In the hour after hour of coverage given by the BBC and other mainstream news channels to the late Nelson Mandela, we have seen a certain image unrolled before us. In it, Mandela is equated with the great men of ‘non violent’ struggle of our time – Mahatma Gandhi and Martin Luther King Jr. Many of the pictures show Mandela after he was released from jail in 1990 having served 27 years behind bars. For the most part, they depict a gentle if determined man, in his later years waving benevolently out from cars or smilingly posing with children.

This of course was one part of Nelson Mandela’s extraordinary life; a life that makes him undoubtedly one of the most influential people of our century, one of its greatest heroes. But what we have been shown for the most part and what we have heard in tribute depicts only a part of the truth. Partial truth is in many ways not all that different to lies.

The same major news channels that have been paying their tributes to Mandela forget that they at one time were among those who demonised him and termed him a terrorist and communist. It has been forgotten that this media, along with leaders from much of the west, long played their part in propping up the apartheid regime in South Africa and allowing it to remain in place. Russian, Cuban and Chinese news channels have been quick to point this out – but then who listens to broadcasts from such sources, or accepts that as part of a repainting of history, Mandela has been altered and disguised.

The real questions we should be asking are whether, without the violent struggle against an evil, unrelenting and armed force that he stood for, South Africa would ever have achieved freedom. We should also ask if the high levels of poverty in South Africa, the creation of a new ‘black’ elite alongside the old ‘white’, may have been better resolved had he stuck to his socialist ideals. This aspect of Mandela’s life, his belief, has largely been glossed over – but it is very real, very significant and extremely important to history. We were not told that, following his release from jail, one of his first trip overseas was to meet Fidel Castro in Havana.

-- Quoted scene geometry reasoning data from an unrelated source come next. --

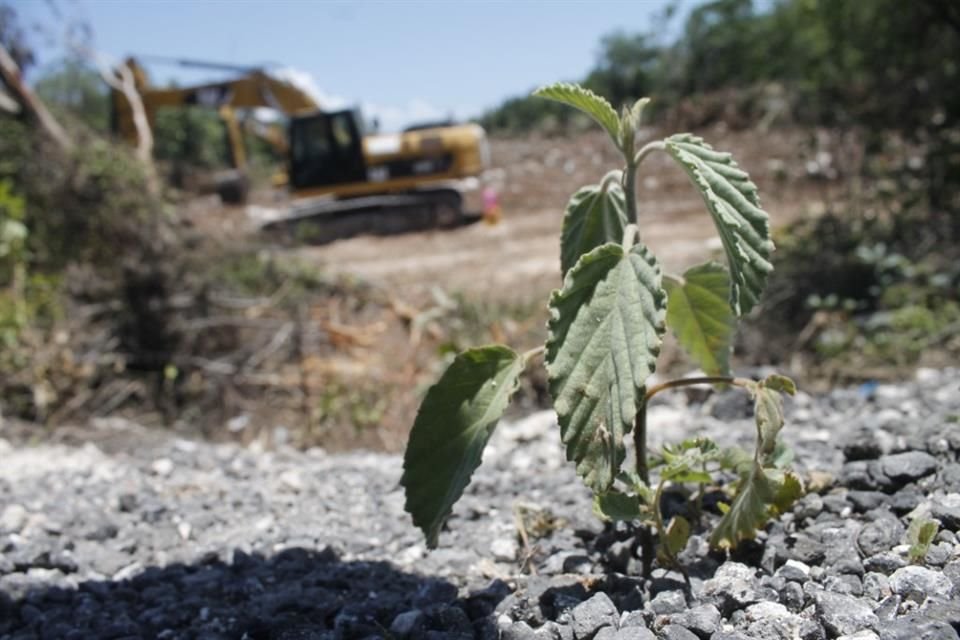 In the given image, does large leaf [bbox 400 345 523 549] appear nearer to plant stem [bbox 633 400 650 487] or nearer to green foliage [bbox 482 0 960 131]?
plant stem [bbox 633 400 650 487]

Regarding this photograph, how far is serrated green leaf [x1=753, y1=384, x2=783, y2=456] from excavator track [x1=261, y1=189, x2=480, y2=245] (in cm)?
1233

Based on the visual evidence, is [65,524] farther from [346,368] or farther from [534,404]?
[346,368]

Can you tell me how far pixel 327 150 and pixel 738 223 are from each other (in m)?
13.1

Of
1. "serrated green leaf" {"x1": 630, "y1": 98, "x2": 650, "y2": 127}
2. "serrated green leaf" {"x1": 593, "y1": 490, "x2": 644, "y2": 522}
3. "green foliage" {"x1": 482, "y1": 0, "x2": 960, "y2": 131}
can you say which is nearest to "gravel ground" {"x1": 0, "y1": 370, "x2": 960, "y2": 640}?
"serrated green leaf" {"x1": 593, "y1": 490, "x2": 644, "y2": 522}

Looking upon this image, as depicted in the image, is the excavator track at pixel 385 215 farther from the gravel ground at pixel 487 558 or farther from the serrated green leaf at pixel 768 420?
the serrated green leaf at pixel 768 420

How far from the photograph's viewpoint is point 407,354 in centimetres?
741

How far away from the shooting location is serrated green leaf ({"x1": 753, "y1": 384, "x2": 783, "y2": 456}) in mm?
1744

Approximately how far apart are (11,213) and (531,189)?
12.2m

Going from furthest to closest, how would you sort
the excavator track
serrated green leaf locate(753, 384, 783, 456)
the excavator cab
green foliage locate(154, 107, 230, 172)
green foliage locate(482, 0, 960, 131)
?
green foliage locate(154, 107, 230, 172) → the excavator cab → the excavator track → green foliage locate(482, 0, 960, 131) → serrated green leaf locate(753, 384, 783, 456)

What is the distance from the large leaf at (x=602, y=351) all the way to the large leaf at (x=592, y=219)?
0.92 ft

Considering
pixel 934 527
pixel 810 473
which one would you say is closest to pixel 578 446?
pixel 934 527

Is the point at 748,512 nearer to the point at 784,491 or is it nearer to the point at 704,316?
the point at 784,491

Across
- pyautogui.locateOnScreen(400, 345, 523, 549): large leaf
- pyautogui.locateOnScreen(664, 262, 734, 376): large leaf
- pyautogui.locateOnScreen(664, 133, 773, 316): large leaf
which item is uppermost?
pyautogui.locateOnScreen(664, 133, 773, 316): large leaf

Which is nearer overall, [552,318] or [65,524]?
[552,318] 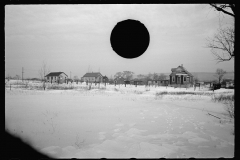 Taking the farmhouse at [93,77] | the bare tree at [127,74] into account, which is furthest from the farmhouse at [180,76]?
the farmhouse at [93,77]

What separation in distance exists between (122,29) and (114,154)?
394 cm

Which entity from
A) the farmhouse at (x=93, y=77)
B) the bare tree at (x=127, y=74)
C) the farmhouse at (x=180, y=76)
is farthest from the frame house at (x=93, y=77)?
the farmhouse at (x=180, y=76)

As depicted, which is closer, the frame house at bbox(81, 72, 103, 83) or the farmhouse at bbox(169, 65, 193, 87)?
the farmhouse at bbox(169, 65, 193, 87)

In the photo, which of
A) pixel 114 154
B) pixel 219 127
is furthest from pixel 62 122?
pixel 219 127

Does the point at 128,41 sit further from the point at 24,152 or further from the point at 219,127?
the point at 219,127

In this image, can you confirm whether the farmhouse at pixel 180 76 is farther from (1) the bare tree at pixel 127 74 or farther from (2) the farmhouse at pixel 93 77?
(2) the farmhouse at pixel 93 77

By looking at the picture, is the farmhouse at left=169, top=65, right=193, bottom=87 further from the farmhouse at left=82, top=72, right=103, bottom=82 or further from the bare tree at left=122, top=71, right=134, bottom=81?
the farmhouse at left=82, top=72, right=103, bottom=82

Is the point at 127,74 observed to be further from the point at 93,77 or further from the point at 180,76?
the point at 180,76

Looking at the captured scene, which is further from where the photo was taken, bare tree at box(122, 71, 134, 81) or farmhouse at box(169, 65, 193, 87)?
bare tree at box(122, 71, 134, 81)

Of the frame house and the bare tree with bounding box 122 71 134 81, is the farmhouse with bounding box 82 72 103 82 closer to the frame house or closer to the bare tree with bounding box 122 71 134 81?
the frame house

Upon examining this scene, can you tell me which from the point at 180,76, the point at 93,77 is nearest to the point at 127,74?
the point at 93,77

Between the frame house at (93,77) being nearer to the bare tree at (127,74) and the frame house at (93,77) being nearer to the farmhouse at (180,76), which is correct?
the bare tree at (127,74)

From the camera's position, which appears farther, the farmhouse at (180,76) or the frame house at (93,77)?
the frame house at (93,77)

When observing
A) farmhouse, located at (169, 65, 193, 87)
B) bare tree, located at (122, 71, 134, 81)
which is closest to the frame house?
bare tree, located at (122, 71, 134, 81) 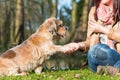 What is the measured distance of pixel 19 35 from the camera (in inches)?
937

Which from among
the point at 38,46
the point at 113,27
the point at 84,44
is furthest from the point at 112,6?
the point at 38,46

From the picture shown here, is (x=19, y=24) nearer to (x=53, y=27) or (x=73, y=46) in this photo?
(x=53, y=27)

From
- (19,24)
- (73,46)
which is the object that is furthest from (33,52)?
(19,24)

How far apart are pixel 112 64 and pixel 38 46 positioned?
1.63 meters

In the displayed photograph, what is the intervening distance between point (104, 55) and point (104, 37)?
458mm

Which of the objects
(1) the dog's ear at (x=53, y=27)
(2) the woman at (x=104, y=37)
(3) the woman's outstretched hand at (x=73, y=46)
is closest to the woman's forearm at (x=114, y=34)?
(2) the woman at (x=104, y=37)

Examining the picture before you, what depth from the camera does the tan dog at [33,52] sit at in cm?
719

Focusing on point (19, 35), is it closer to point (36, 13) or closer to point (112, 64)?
point (112, 64)

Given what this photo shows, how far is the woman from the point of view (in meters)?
6.58

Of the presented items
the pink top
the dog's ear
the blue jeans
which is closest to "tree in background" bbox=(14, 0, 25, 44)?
the dog's ear

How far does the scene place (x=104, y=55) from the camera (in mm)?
6676

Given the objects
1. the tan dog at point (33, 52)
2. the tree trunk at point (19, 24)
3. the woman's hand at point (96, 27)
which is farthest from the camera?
the tree trunk at point (19, 24)

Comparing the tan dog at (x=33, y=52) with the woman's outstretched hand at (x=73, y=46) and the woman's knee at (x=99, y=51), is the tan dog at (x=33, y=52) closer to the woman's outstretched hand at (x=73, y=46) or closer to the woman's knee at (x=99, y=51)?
the woman's outstretched hand at (x=73, y=46)

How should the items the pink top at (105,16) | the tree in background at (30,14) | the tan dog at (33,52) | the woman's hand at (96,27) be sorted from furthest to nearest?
the tree in background at (30,14) → the tan dog at (33,52) → the pink top at (105,16) → the woman's hand at (96,27) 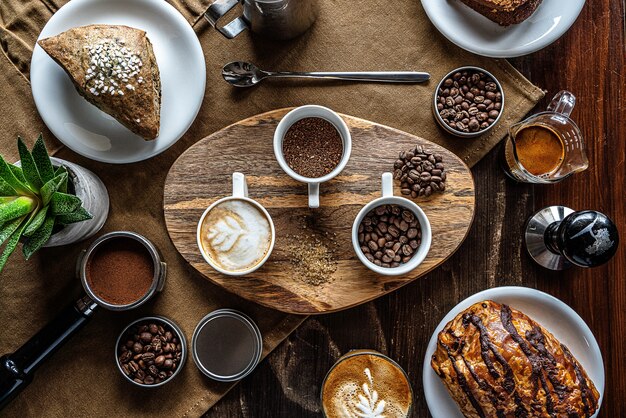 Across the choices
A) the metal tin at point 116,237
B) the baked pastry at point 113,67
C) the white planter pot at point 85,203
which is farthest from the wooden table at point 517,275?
the baked pastry at point 113,67

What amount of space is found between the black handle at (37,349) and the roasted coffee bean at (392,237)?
3.16 ft

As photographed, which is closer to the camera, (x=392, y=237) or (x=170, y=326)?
(x=392, y=237)

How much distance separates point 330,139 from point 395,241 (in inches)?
15.7

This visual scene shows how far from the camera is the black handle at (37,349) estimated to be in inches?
74.0

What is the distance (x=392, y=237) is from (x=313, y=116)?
18.9 inches

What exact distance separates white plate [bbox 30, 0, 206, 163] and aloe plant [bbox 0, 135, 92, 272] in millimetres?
286

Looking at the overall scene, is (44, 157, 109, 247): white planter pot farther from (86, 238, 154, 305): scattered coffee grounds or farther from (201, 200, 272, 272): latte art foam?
(201, 200, 272, 272): latte art foam

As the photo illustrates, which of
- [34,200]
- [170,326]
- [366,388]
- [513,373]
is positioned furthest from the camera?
[170,326]

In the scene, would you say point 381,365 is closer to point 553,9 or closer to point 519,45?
point 519,45

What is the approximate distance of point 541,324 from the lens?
198 cm

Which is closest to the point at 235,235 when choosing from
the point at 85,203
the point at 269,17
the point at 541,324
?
the point at 85,203

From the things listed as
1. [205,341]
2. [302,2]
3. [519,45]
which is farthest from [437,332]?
[302,2]

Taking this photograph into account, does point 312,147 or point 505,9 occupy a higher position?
point 505,9

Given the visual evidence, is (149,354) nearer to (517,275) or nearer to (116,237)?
(116,237) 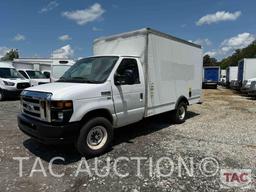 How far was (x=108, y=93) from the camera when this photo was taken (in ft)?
17.9

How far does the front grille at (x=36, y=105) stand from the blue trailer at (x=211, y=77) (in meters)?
28.6

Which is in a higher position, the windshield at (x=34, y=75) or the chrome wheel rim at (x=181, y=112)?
the windshield at (x=34, y=75)

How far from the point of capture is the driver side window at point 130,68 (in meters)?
5.86

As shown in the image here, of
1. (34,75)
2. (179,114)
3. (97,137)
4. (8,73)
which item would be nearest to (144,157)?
(97,137)

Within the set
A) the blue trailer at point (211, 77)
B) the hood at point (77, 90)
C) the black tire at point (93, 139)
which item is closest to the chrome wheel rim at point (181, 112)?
the black tire at point (93, 139)

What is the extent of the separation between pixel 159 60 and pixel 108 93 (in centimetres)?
232

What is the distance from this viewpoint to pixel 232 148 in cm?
589

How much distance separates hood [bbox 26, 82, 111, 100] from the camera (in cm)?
466

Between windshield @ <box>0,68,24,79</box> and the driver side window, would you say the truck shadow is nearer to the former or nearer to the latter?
the driver side window

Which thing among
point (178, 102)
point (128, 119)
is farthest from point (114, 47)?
point (178, 102)

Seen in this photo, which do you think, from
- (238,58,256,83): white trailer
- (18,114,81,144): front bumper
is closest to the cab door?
(18,114,81,144): front bumper

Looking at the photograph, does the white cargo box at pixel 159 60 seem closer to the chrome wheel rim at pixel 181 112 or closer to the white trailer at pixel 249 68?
the chrome wheel rim at pixel 181 112

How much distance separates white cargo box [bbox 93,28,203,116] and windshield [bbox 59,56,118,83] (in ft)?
3.27

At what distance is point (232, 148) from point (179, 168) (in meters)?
1.89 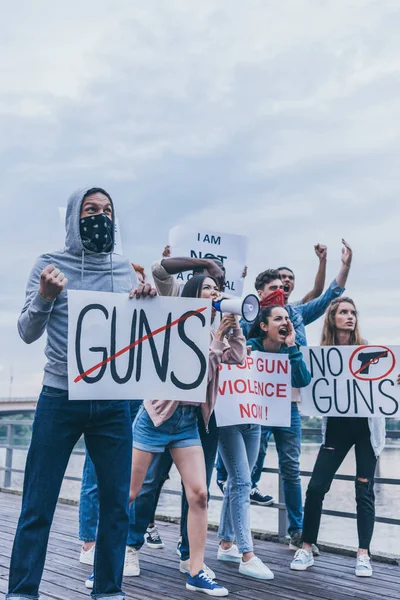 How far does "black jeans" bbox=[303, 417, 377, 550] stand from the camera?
501cm

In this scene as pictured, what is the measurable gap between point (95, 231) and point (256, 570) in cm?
257

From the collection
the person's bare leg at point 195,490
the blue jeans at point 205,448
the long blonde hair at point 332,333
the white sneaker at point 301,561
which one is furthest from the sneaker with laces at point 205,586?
the long blonde hair at point 332,333

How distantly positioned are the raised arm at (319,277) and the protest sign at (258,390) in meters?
1.32

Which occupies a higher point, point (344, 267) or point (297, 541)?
point (344, 267)

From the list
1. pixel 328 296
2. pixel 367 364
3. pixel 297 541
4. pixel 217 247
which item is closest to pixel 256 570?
pixel 297 541

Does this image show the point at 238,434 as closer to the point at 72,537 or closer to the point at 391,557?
the point at 391,557

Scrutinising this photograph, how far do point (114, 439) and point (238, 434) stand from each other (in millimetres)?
1630

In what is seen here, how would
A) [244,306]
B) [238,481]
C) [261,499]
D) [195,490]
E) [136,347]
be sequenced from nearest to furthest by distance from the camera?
[136,347] → [244,306] → [195,490] → [238,481] → [261,499]

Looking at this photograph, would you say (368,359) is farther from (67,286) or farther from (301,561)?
(67,286)

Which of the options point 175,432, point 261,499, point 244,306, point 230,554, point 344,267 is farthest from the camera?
point 261,499

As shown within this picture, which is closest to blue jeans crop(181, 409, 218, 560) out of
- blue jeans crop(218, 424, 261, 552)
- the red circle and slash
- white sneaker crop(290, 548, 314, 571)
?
blue jeans crop(218, 424, 261, 552)

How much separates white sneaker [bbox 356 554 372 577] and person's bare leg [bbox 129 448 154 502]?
1.61 metres

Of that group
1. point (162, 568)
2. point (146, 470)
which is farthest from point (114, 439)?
point (162, 568)

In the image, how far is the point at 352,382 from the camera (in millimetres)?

Since the mid-1950s, Mandela had held that, without a violent struggle, without the taking up of arms – which were obtained from mainly communist countries – freedom was simply not a possibility. He was backed in this line by South African Communist Party leader, Joe Slovo, after years of dithering on the point by previous CP leaders. Mandela’s speeches at the time reflected a call to take to arms, and he became more convinced of this after March 1960 when dozens of black protesters were mowed down by the police in the Transvaal township of Sharpeville.

The armed wing of the African National Congress, ‘Umkhonto we Sizwe’ (literally meaning ‘Spear of the Nation’ and often shortened to MK) was formed soon afterwards, and continued its actions through Mandela’s imprisonment from 1964 to 1990. It was only after 1990 that Mandela was ‘re-invented’ in the est, the violent struggle which had by then gripped South Africa persuading the world that action was needed.

All this is in some ways history. Nelson Mandela’s greatness largely lies in his willingness to use force – when it was required – and perhaps most crucially of all to ensure that arms were put away at the right time. This won for South Africa the international backing it needed. Few men would have the ability he displayed after 1994 and in the run-up to his country’s first multiracial election, to put hatred and anger aside, persuade others to do the same and build unity in a deeply divided land.

But the story of Mandela’s life, incompletely told in so many places with few images even in existence of his fiery, furious speeches of the 1950s and 1960s, raise important questions about violence and its necessity in certain situations. Others, including that essentially gentle man of medicine, Ernesto ‘Che’ Guevara, best known as a revolutionary fighter, have written about this dilemma. The question that arises is when, and at what point, force becomes the only way to deal with evil, and if without it achieving a goal is even possible. The idea is something that needs to be thought about.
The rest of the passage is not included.